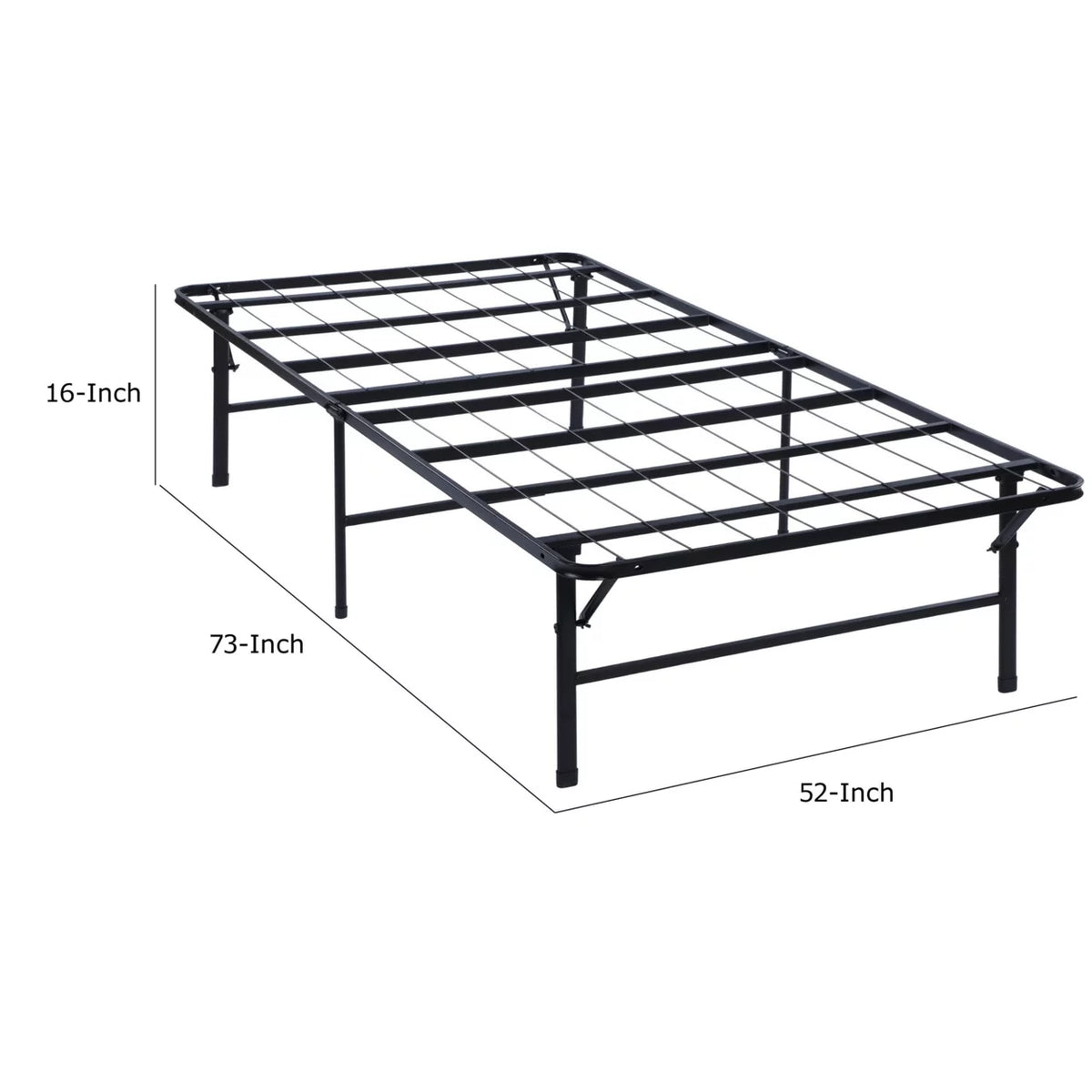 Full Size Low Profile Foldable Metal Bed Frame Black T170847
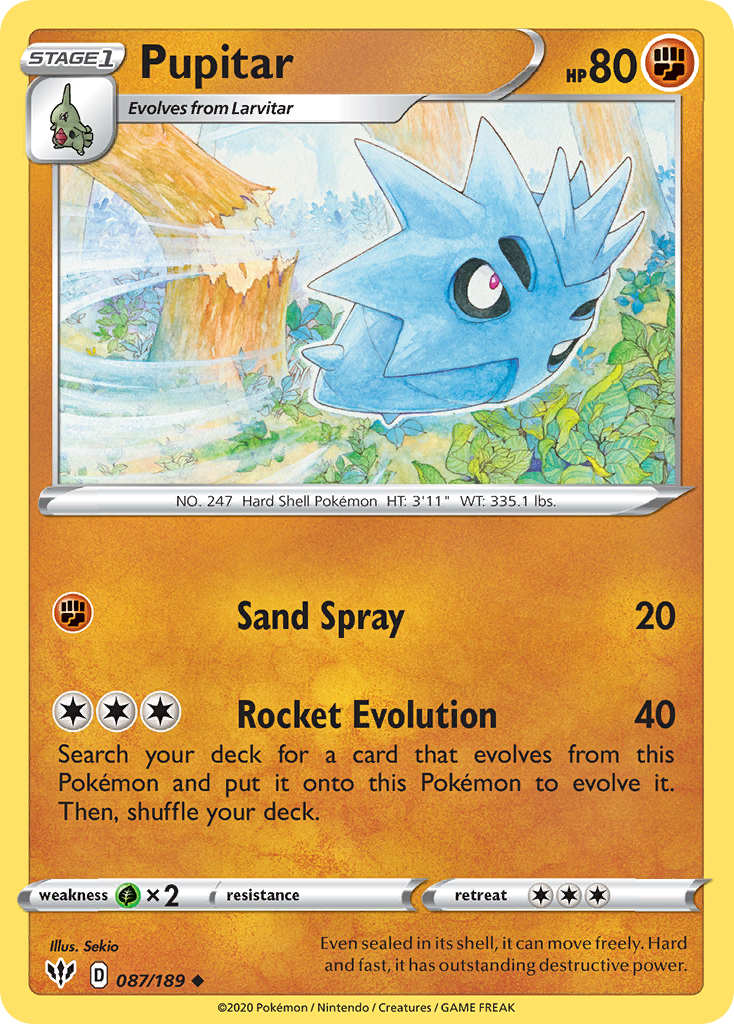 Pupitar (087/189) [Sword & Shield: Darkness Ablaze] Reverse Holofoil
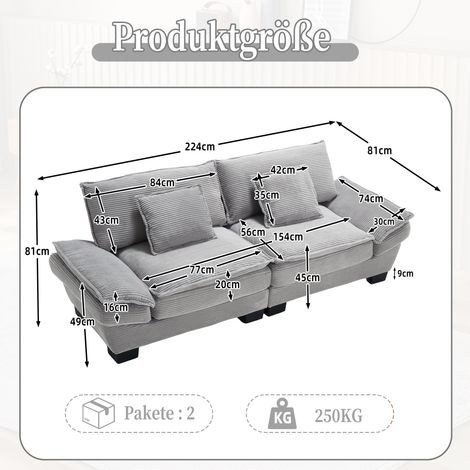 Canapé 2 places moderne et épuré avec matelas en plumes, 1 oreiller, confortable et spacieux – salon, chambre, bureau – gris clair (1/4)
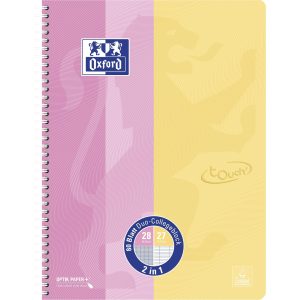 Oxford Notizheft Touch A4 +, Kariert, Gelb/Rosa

══════════

» **Task description**
Each line above should be printed again exactly, though the pictures should not be.

» **Your response**
 Full Size Low Profile Foldable Metal Bed Frame Black T170847
 Pupitar (087/189) [Sword & Shield: Darkness Ablaze] Reverse Holofoil
 Canapé 2 places moderne et épuré avec matelas en plumes, 1 oreiller, confortable et spacieux – salon, chambre, bureau – gris clair (1/4)
 Oxford Notizheft Touch A4 +, Kariert, Gelb/Rosa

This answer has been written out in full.